■ What is expected
The entries below should be repeated exactly, with no pictures carried over.

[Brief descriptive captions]

---

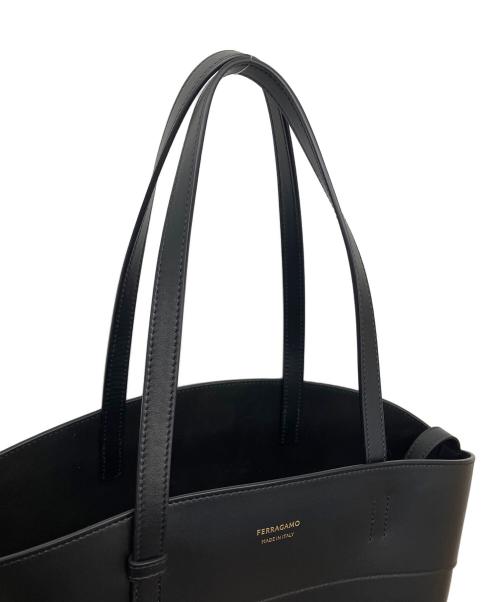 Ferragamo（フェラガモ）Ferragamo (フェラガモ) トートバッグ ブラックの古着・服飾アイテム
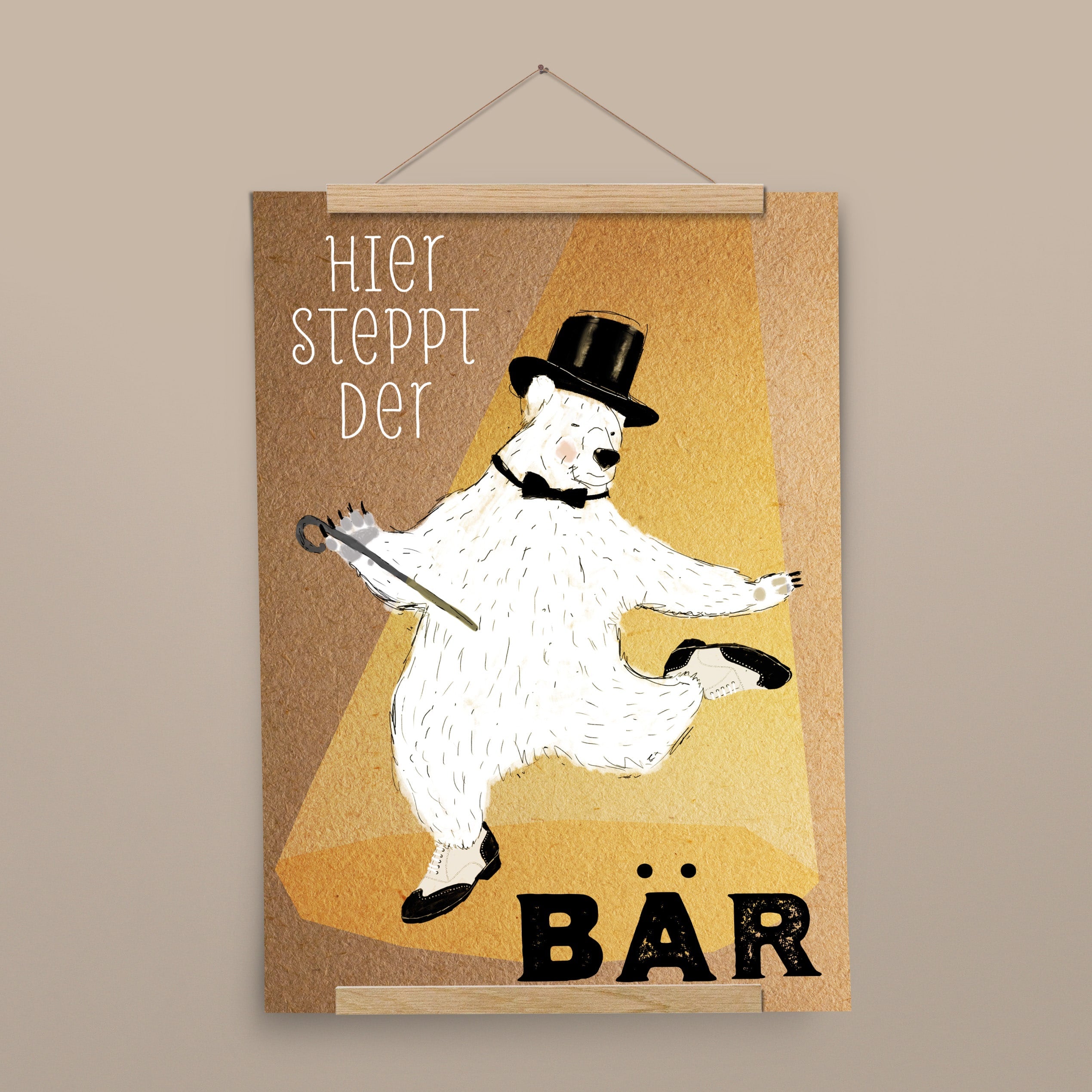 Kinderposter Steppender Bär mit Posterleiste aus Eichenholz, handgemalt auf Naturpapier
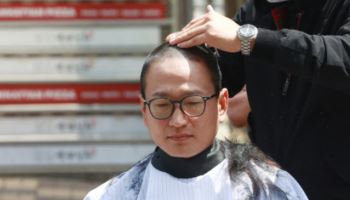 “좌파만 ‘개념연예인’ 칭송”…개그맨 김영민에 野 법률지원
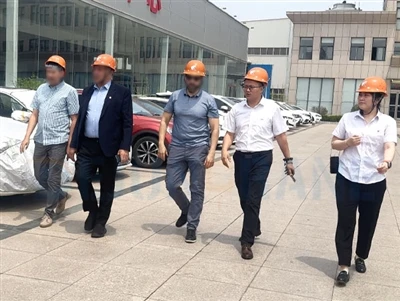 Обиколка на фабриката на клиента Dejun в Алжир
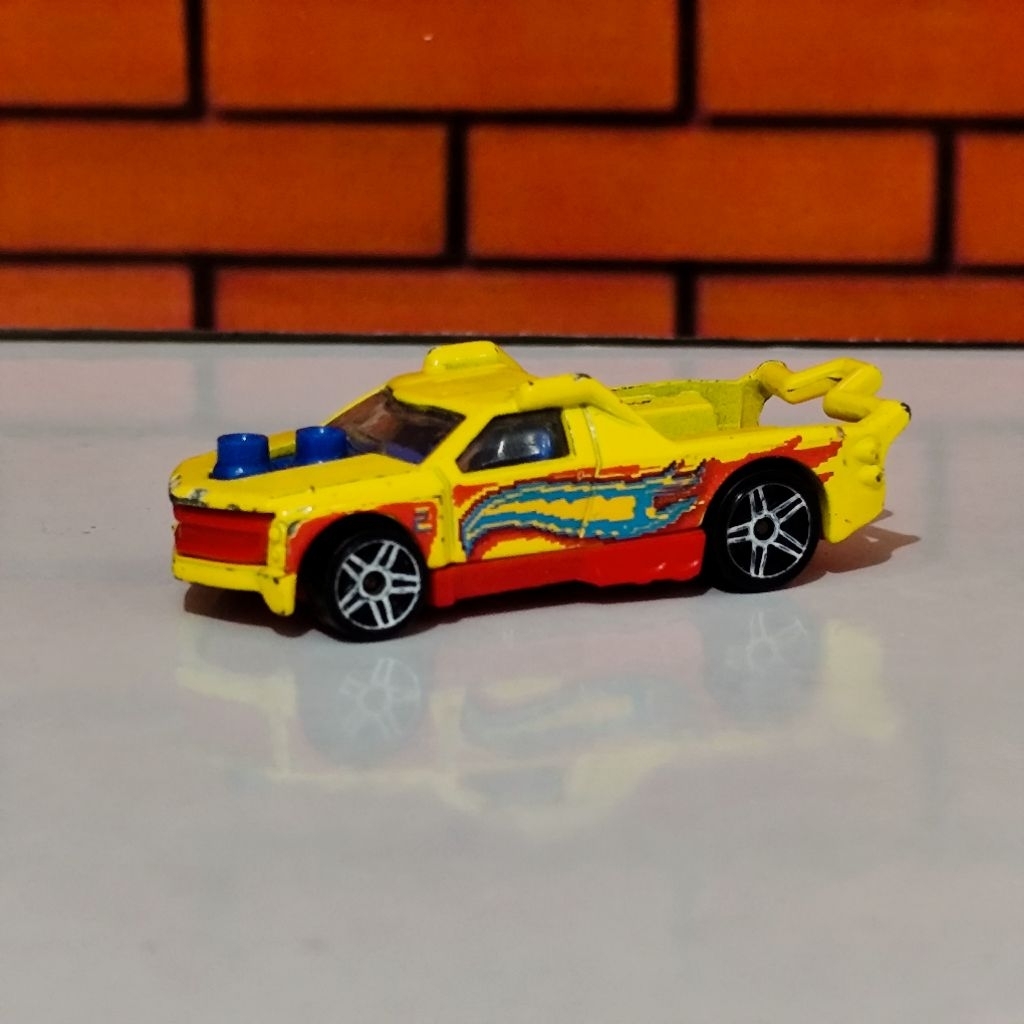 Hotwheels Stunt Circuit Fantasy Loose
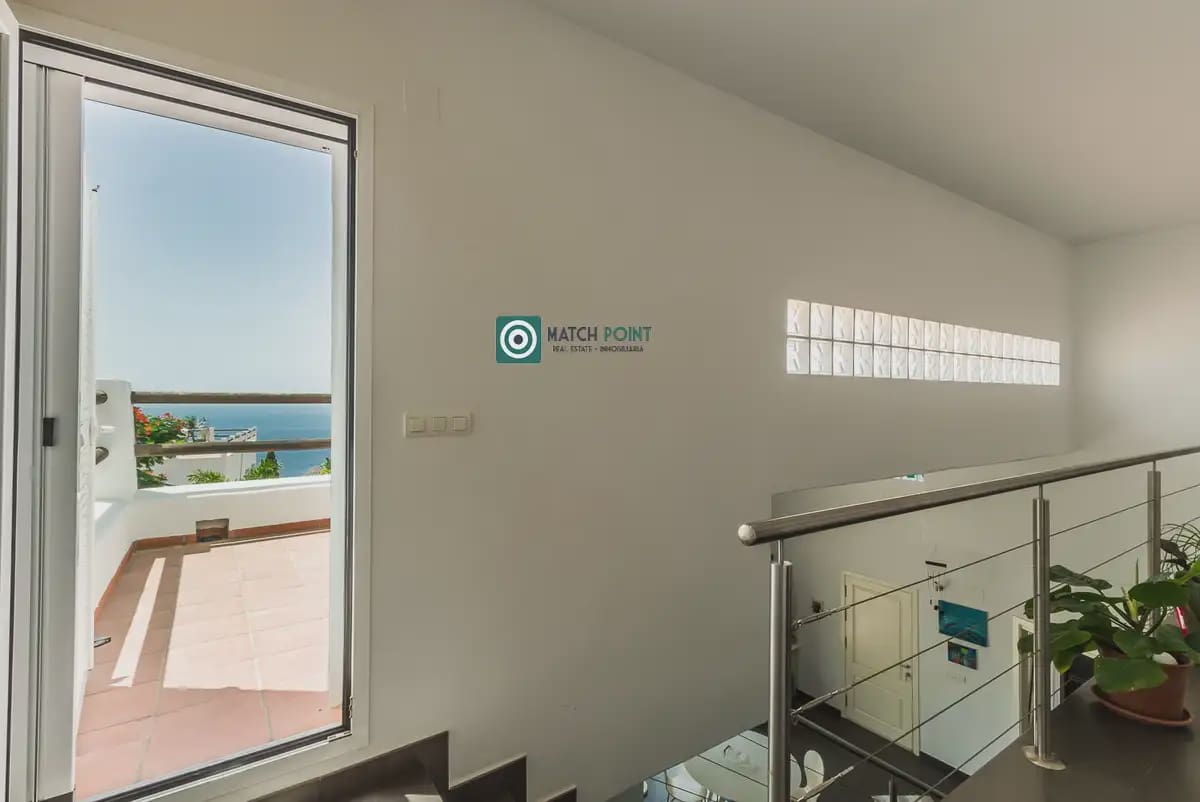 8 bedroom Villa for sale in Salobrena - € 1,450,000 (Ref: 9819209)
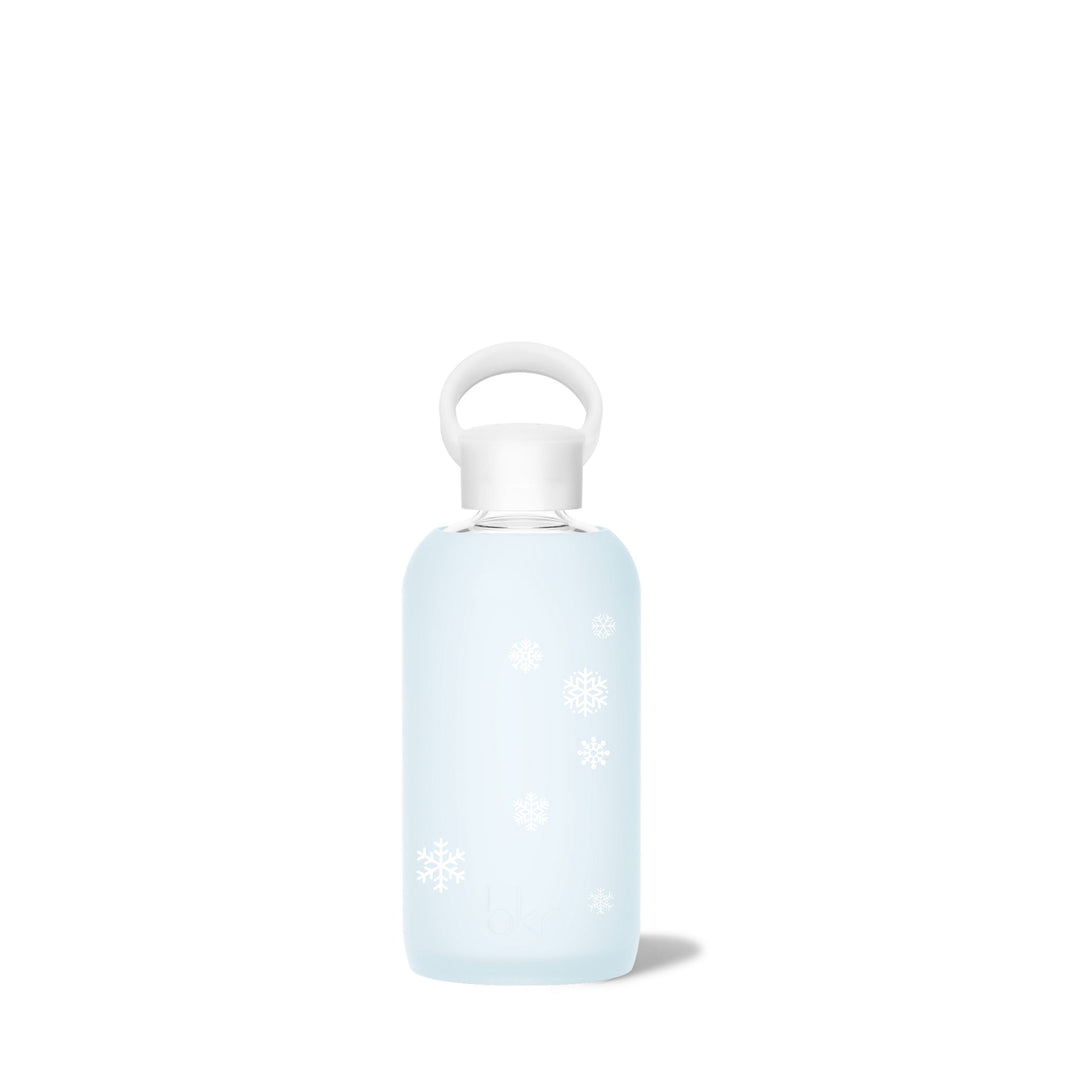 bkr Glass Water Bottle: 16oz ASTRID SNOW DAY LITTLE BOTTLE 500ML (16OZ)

---

■ Your response
 Ferragamo（フェラガモ）Ferragamo (フェラガモ) トートバッグ ブラックの古着・服飾アイテム
 Kinderposter Steppender Bär mit Posterleiste aus Eichenholz, handgemalt auf Naturpapier
 “좌파만 ‘개념연예인’ 칭송”…개그맨 김영민에 野 법률지원
 Обиколка на фабриката на клиента Dejun в Алжир
 Hotwheels Stunt Circuit Fantasy Loose
 8 bedroom Villa for sale in Salobrena - € 1,450,000 (Ref: 9819209)
 bkr Glass Water Bottle: 16oz ASTRID SNOW DAY LITTLE BOTTLE 500ML (16OZ)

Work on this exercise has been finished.